Groups | Search | Server Info | Keyboard shortcuts | Login | Register [http] [https] [nntp] [nntps]


Groups > comp.lang.python > #64226 > unrolled thread

python to enable javascript , tried selinium, ghost, pyQt4 already

Started byJaiprakash Singh <jaiprakash@wisepromo.com>
First post2014-01-18 03:54 -0800
Last post2014-01-19 07:58 +0000
Articles 6 — 4 participants

Back to article view | Back to comp.lang.python


Contents

  python to enable javascript , tried selinium, ghost, pyQt4  already Jaiprakash Singh <jaiprakash@wisepromo.com> - 2014-01-18 03:54 -0800
    Re: python to enable javascript , tried selinium, ghost, pyQt4  already Denis McMahon <denismfmcmahon@gmail.com> - 2014-01-18 18:05 +0000
    Re: python to enable javascript , tried selinium, ghost, pyQt4 already Chris Angelico <rosuav@gmail.com> - 2014-01-19 05:13 +1100
      Re: python to enable javascript , tried selinium, ghost, pyQt4 already Denis McMahon <denismfmcmahon@gmail.com> - 2014-01-18 21:40 +0000
        Re: python to enable javascript , tried selinium, ghost, pyQt4 already Chris Angelico <rosuav@gmail.com> - 2014-01-19 09:32 +1100
    Re: python to enable javascript , tried selinium, ghost, pyQt4  already Giorgos Tzampanakis <giorgos.tzampanakis@gmail.com> - 2014-01-19 07:58 +0000

#64226 — python to enable javascript , tried selinium, ghost, pyQt4 already

FromJaiprakash Singh <jaiprakash@wisepromo.com>
Date2014-01-18 03:54 -0800
Subjectpython to enable javascript , tried selinium, ghost, pyQt4 already
Message-ID<91184b5c-aa05-42e1-81de-15252023a15b@googlegroups.com>
hi,

     can you please suggest me some method for  study so that i can scrap a site having JavaScript behind it 


 i have tried selenium, ghost, pyQt4,  but it is slow and as a am working with thread it sinks my ram memory very fast.

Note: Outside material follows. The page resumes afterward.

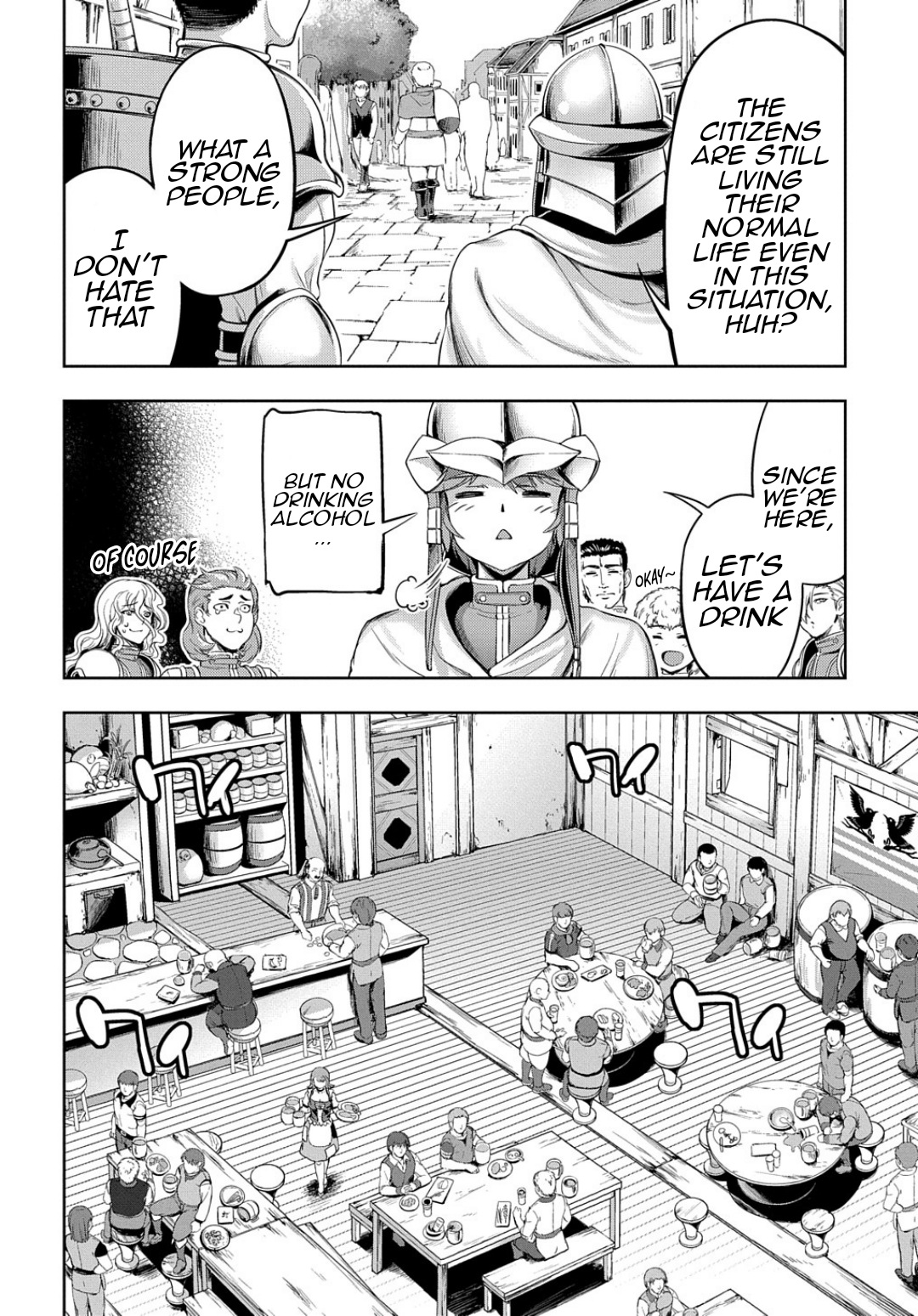 The Marquis’ Eldest Son’s Lascivious Story Chapter 2 page 11 - Chapter 2: Fall of Nanbonan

[toc] | [next] | [standalone]


#64240

FromDenis McMahon <denismfmcmahon@gmail.com>
Date2014-01-18 18:05 +0000
Message-ID<lbefpo$gmg$1@dont-email.me>
In reply to#64226
On Sat, 18 Jan 2014 03:54:17 -0800, Jaiprakash Singh wrote:

> can you please suggest me some method for  study so that i can
> scrap a site having JavaScript behind it

Please expand upon the requirement, are you trying to:

a) replace server side javascript with server side python, or
b) replace client side javascript with server side python, or
c) replace client side javascript with client side python, or
d) something else?

(c) is not possible (you can't guarantee that all clients will have 
python, or that there will be a mechanism for calling it from your 
webpages), (b) doesn't make a lot of sense (you'll be trading cpu in the 
client for cpu in the server + network bandwidth and latency).

-- 
Denis McMahon, denismfmcmahon@gmail.com

[toc] | [prev] | [next] | [standalone]


#64242 — Re: python to enable javascript , tried selinium, ghost, pyQt4 already

FromChris Angelico <rosuav@gmail.com>
Date2014-01-19 05:13 +1100
SubjectRe: python to enable javascript , tried selinium, ghost, pyQt4 already
Message-ID<mailman.5681.1390068840.18130.python-list@python.org>
In reply to#64226
On Sat, Jan 18, 2014 at 10:54 PM, Jaiprakash Singh
<jaiprakash@wisepromo.com> wrote:
> hi,
>
>      can you please suggest me some method for  study so that i can scrap a site having JavaScript behind it
>
>
>  i have tried selenium, ghost, pyQt4,  but it is slow and as a am working with thread it sinks my ram memory very fast.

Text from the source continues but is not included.